It’s the most important festival in the Hindu world. In India it’s a public holiday, but Diwali is celebrated in great numbers across the globe. Apart from Hindu, Sikhs, Jains and Buddhists also commemorate Diwali in different forms, making it comparable to the western Christmas.
Although different religions attach slightly varying meanings to Diwali, the main theme is universal: the victory of light over darkness and good over evil. The main celebration of Diwali takes place on the third day, and this year it falls on October 30. The festival is so significant it is visible from space.
Globalization has encouraged many Hindus and people from other religions who celebrate Diwali to move to countries like the USA for work. Because of this, Diwali is commonly celebrated here too, albeit in smaller numbers.
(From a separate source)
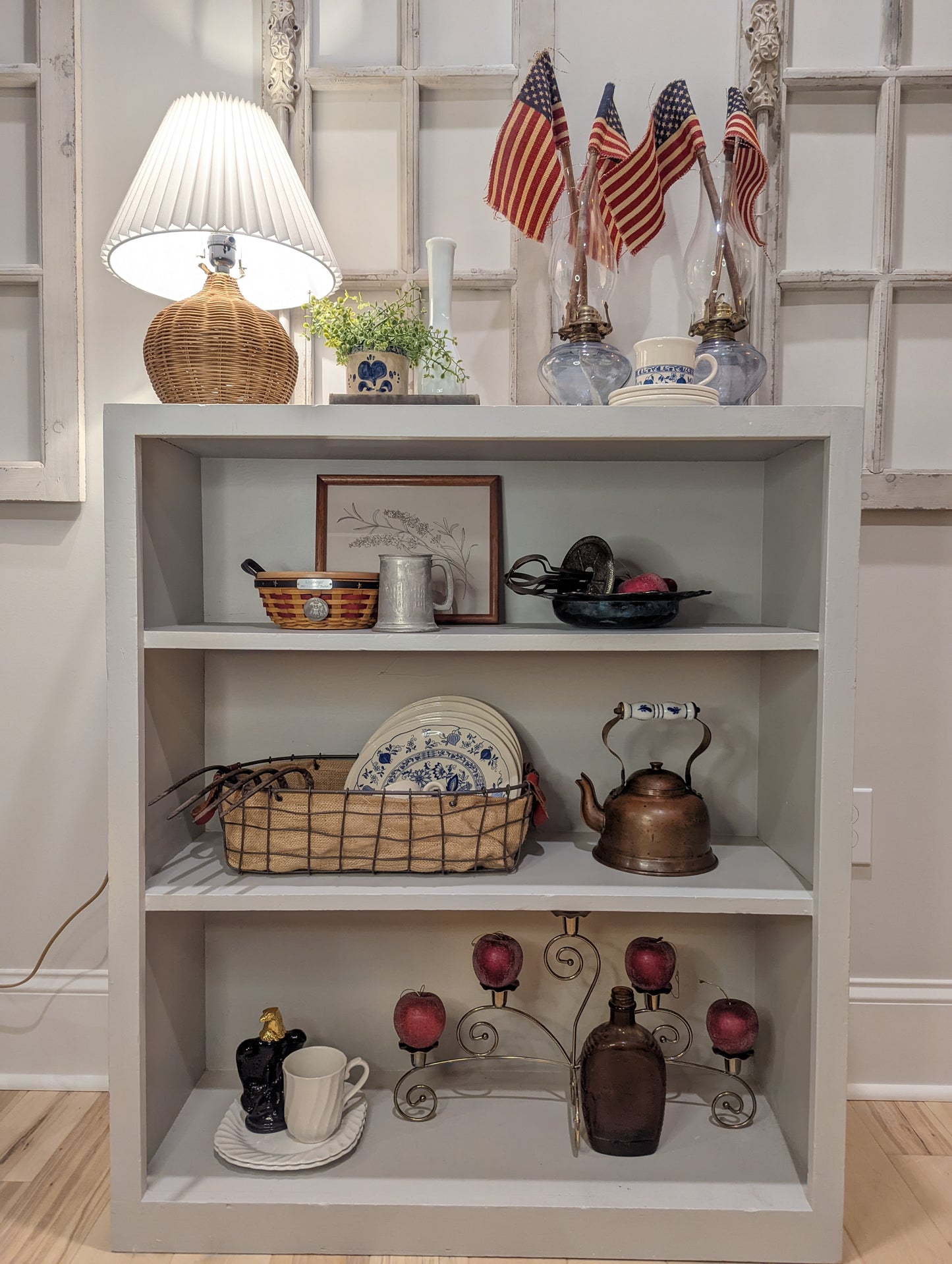 Scallop plates and cup set of 3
If you traditionally celebrate Diwali, you can still do so even if you’re far away from home. You might not be able to enjoy all the traditional Indian snacks, but with a bit of effort, you might find a shop that sells them near you.
There are many different aspects to Diwali, and the festival rituals include extensive preparations, all of which are done joyously and excitedly as the big day draws nearer.
Here are a few of the events, and incredible sights and sounds to see and enjoy on this day.
Diwali gets its name from a combination of the Sanskirt words for “light” and “row”. A very important part of the festival is to light up your home, place of work and the local temple. Rows upon rows of clay lamps are lit in the community. These lamps are called diyas and the simple act of lighting these candles already creates a joyful atmosphere.
Although this mostly takes place during the preparations for Diwali, it is also very important to decorate your house or place of work. Traditional rangoli artworks are created by making beautiful patterns with colored rice or powder in front of the house. On the main day of Diwali, these patterns form part of the cheer experienced throughout the community.
Incredible fireworks displays mark the main celebration of Diwali. Firecrackers is an expression of respect to the heavens for the attainment of health, wealth, knowledge, peace and prosperity. Families light them at home and displays are seen in public areas too. Because what is a big festival without fireworks?
Sweet gifts is tradition during Diwali
Unlike the western Christmas, Diwali does not involve gifting expensive electronics and the like. Rather, Diwali is about sharing food and treats. Women start making traditional Indian sweets as far as a month in advance. These delicious sweet treats are then wrapped in boxes and decorated beautifully. They are handed out as gifts to friends and family and the children are especially delighted with this rare indulgence.
Savory eats are also important
A festival is not complete without a savory spread. It is custom to enjoy many snacks throughout the day during Diwali. Savory snacks shared on the day are traditionally made with chickpeas, rice, lentils and several other varieties of flours. These are seasoned with different combinations of spices, sesame seeds, fresh fenugreek leaves or coconut. They are then molded into assorted shapes and usually deep-fried. Plates stand at the ready for visiting friends and family when they show up at each other’s houses.
The main feast and food donations
For the main meal on Diwali, traditional flatbreads, dal and vegetable curries are piled high for everyone to enjoy. While many Hindus are already vegetarian, it is also common to refrain from eating meat during Diwali. It is custom to share food with the less fortunate, so families prepare more than enough food and donate a large portion to the needy.
Wear new clothes and gold
Part of the preparations for Diwali is to go out and purchase new clothes. This special outfit is worn on the main day of Diwali. It is also custom to buy gold, even if it’s just a small piece, and to wear gold on the day.
A new beginning
The fourth day of Diwali is New Year’s day. It marks a clean slate and a fresh beginning. The lighting of the lamps and candles invites prosperity into the lives of those who celebrate. It is a beautiful festival and can be significant not only for the religious who celebrate it traditionally.
Because Diwali is such an inspiring festival, you can invite non-religious friends, or friends who are from other religions, to share a dal or curry with you to understand a bit of your culture and what makes it beautiful.